Wednesday, October 8, 2008

Episode #4: Essay as Mix-Tape

      Allow me a moment of very recent nostalgia. 
      If only we could return to a simpler time, when stocks were high and our hearts were worn on our sleeves. Back to a time when we sat around the tape deck like it was a warm microwave and wrote out our dreams in teeny-tiny lettering on a super flimsy card-stock. 
      I want to return for another look at the mix-tape, because I having this inkling that mix-tapes are pretty much the perfect essay—cut and paste fragments of our lives stuffed hastily into a too-short spool of tape. This month we'll travel deep into the heart of Mix-Tape County, first to the Soundfix Lounge in Willamsburg, where there's a regular meeting of mix-kids who share music according to a monthly theme.

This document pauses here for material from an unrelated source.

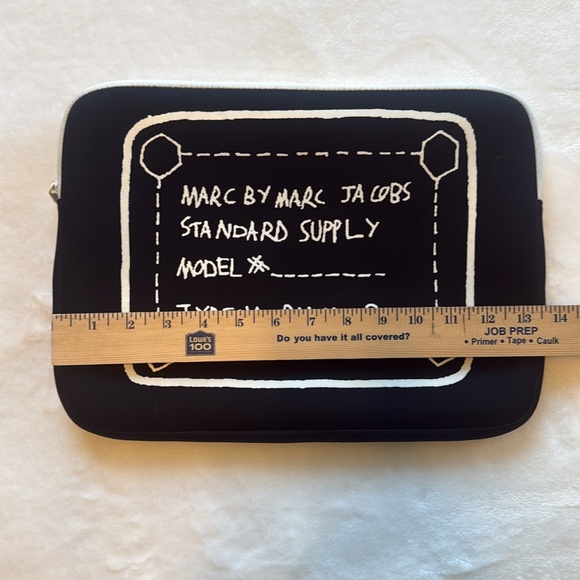 Marc by Marc Jacob’s 13” Laptop Case - Picture 3 of 5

And then it's back to Storyville, where we'd like to offer you a mix tape of our very own. Side A is Tomahawk Rock, in which Josh Garrett-Davis, boy from the plains, reveals the strange history of Native Americans in country, rock, and pop. And side B is Rough Transitions, in which Brook Wilensky-Lanford, girl from the north, traces her own awkward adolescence through the secret mix-tapes she kept as teen diaries.

1 comment:

Anonymous said...

I just happened to find this show as I was hitting "scan" on the car radio tonight. How phenomenal. Aside from it being engaging as a radio piece, I could completely identify with mix tape culture as a 1990s high schooler. What a great show!